Every feature of a butterfly or moth, throughout its life from egg to adult, has been shaped over millions of years of evolution for specific purposes.

A moth on which evolution has lavished a remarkable degree of protective care is Oxytenis modestia.

As an adult, the Oxytenis moth resembles a leaf, but even here evolution’s inventiveness is not an end.

The distance between “specific purpose” and “design” in my mind is not very great, if not nonexistent. (Is Wade secretly an IDer?)

Other times, though, Wade speaks as if the variations seen on moths are not due to evolution at all, but rather to a conscious decision or effort of the moth:

Many butterfly and moth species try to pretend they are the least nutritious objects in the forest. This generally means imitating a piece of bird excrement if one is a caterpillar, and a dead leaf when one reaches adulthood.

Several butterflies practice a clever combination of camouflage and conspicuousness.

I’ve been trying hard to grow claws and wings for some time. Maybe I just don’t have a sufficiently moth-like drive to succeed?

Atheists with attitude

May 15, 2007

A semi-refreshing multi-book review of current atheist attacks on religion: the New Yorker considers some of the many shortcomings of books by Sam Harris, Daniel Dennett, Richard Dawkins, and Christopher Hitchens. It’s “semi-refreshing” because one doesn’t expect much on the Christian religion from the New Yorker—their article on Benedict XVI in April was downright disgraceful from a number of perspectives, basic fact-checking not being the least of these. But here one gets an article that criticizes the extremist non-arguments of these authors, but, as one would expect, does not jump to defend “religion” in any real way.

Particularly embarrassing, I would think, to someone who claims to be a serious intellectual, are the logical impossibilities attendant upon classifying all systems of supernatural belief, regardless of their actual teachings, regardless of their mutual incompatibility, as one monolithic, evil entity called “religion.” The New Yorker author rightly comments:

From the perspective of the new atheists, religion is all one entity; those who would apologize for any of its forms—Harris and Dawkins, in particular, insist on this point—are helping to sustain the whole. But, though the vague belief in a “life force” may be misguided, it’s hard to make the case that it’s dangerous. And there’s a dreamy incoherence in their conviction that moderate forms of religion somehow enable fundamentalist zeal and violence to survive. Are we really going to tame the fervor of an extremist imam’s mosque in Waziristan by weakening the plush-toy creed of a nondenominational church in Chappaqua?
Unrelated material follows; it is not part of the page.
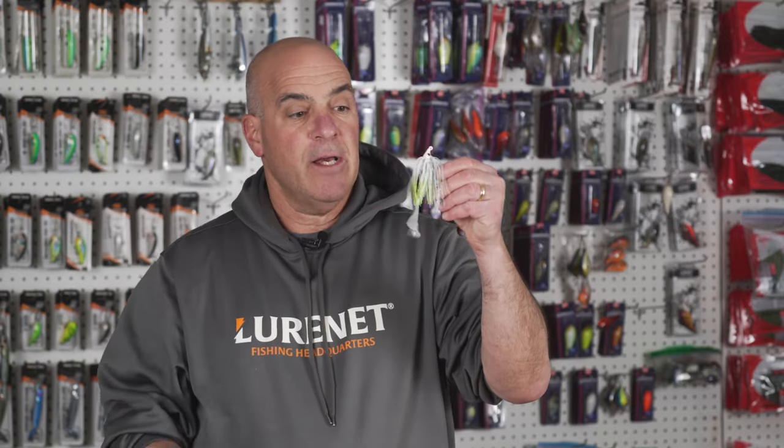The five-inch Yum Grub is an absolute killer when you're fishing a situation where you have current — rivers like the Mississippi River, the Ohio River, rivers with current. You just cast it up current and swim it past grass points, blowdowns, stump beds. Anywhere there's current, this grub excels.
Not to mention the fact that, to my knowledge, none of the authors consider any form of religion other than the traditional-theistic—what about the belief in science, pursuit of financial gain, rationalism, or self-reliance as religions? People, even if they don’t recognize an omnipotent other-worldly being, will elevate something to transcendental status, be it even their own selves. If “religion” is to be taken as an undifferentiated and pernicious phenomenon, then these attacks on it by Dawkins, Harris, et al. are omitting an essential segment of their investigation. To include it would implicate themselves in the horrific project called “religion” that they want so badly to distance themselves from.

I know these books only through a great many reviews, so I apologize if I’m mischaracterizing them.